I think that's all that can safely be said about the plot without major spoilers, but suffice to say that disease and death are major themes, leavened by some broadly comic side characters including a group of American church bell ringers, a student lothario and his overly protective mother, and a pert kid called Colin, all of whom act as distractions to the harassed Professor Dunworthy as he tries to figure out what has happened. The contrast between their trivial concerns and the deadly situations that Kivrin and Badri are in is played for laughs, but also lays the foundations for the more serious scenes later on in the book, where the gloves come off and the tone darkens into a brutally realistic and bleak portrayal of an unfolding disaster. This may sound off-putting, but Willis' style, with its frequent returns to characters you have got to know, draws you in.

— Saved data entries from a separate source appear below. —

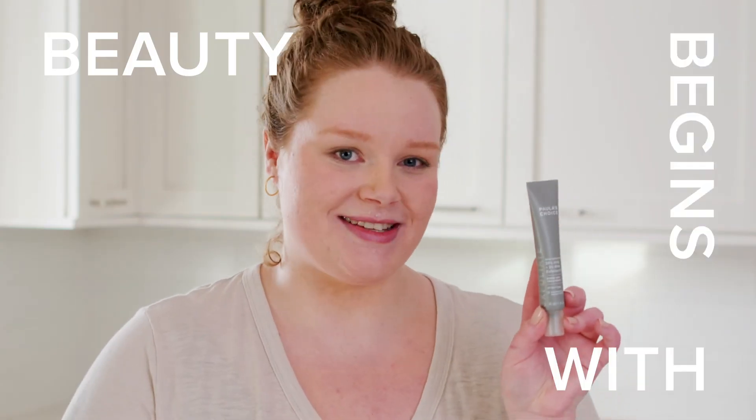I'm Allie, I absolutely love this peel, and it's just another reason why Polish Choice is my choice.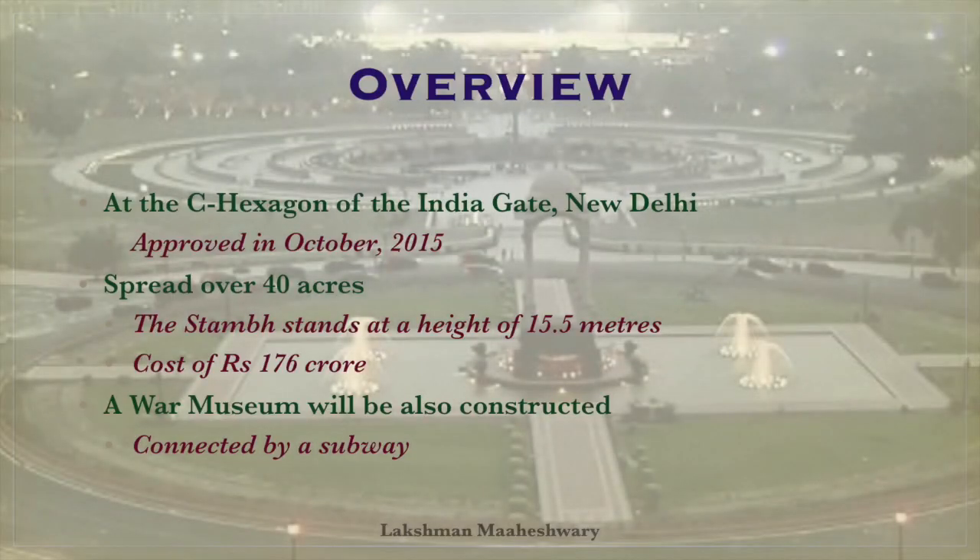The National War Memorial was inaugurated on 25th February 2019 by Prime Minister Narendra Modi. It is constructed at the C-hexagon of the India Gate, New Delhi, and was approved by the Union Cabinet in October 2015. It is spread over 40 acres and made around the existing Chhatri.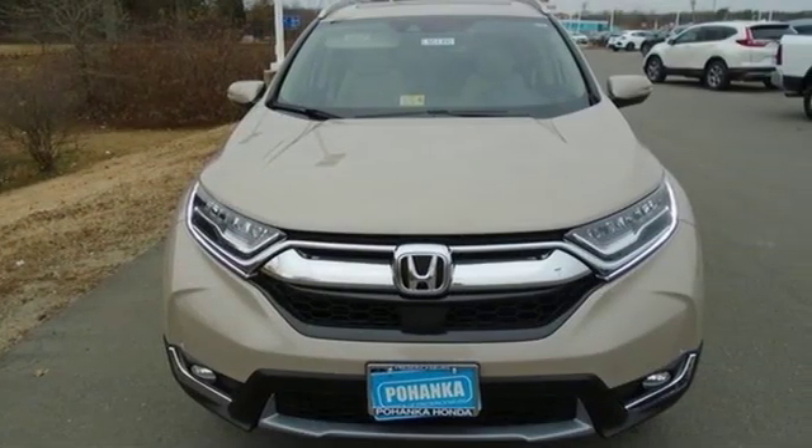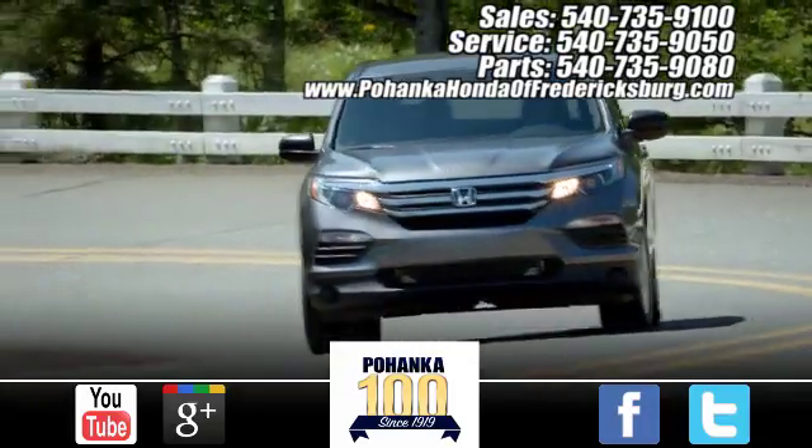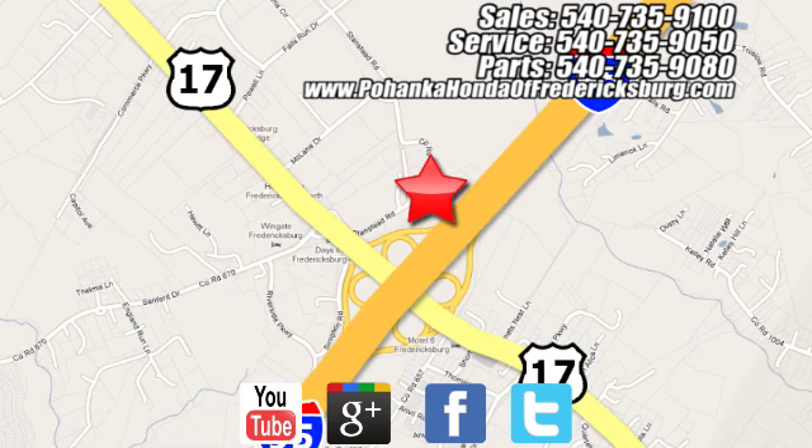See it for yourself when you take it for a test drive. Pohenka Honda of Fredericksburg is a great place to buy a car, conveniently located at 60 South Gateway Drive in Fredericksburg.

It has to be said that Willis' future Oxford, which gets more of an outing in this book than in her later ones, is somewhat lacking in futurology - there are a few token nods to high tech wizardry, such as bullet trains and a tube service (presumably an extension of the London Underground), but people still communicate by landline and paper and speak in 1980s English. However this is less of a problem than it might be in another setting thanks to the timeless nature of Oxford's colleges (though sadly not its shops). And the story absolutely holds up, with some clever links between past and present and its firm determination to demonstrate that compassion and caring are the marks of true heroes. Which is another of Willis' repeating tropes, and one I am very glad of.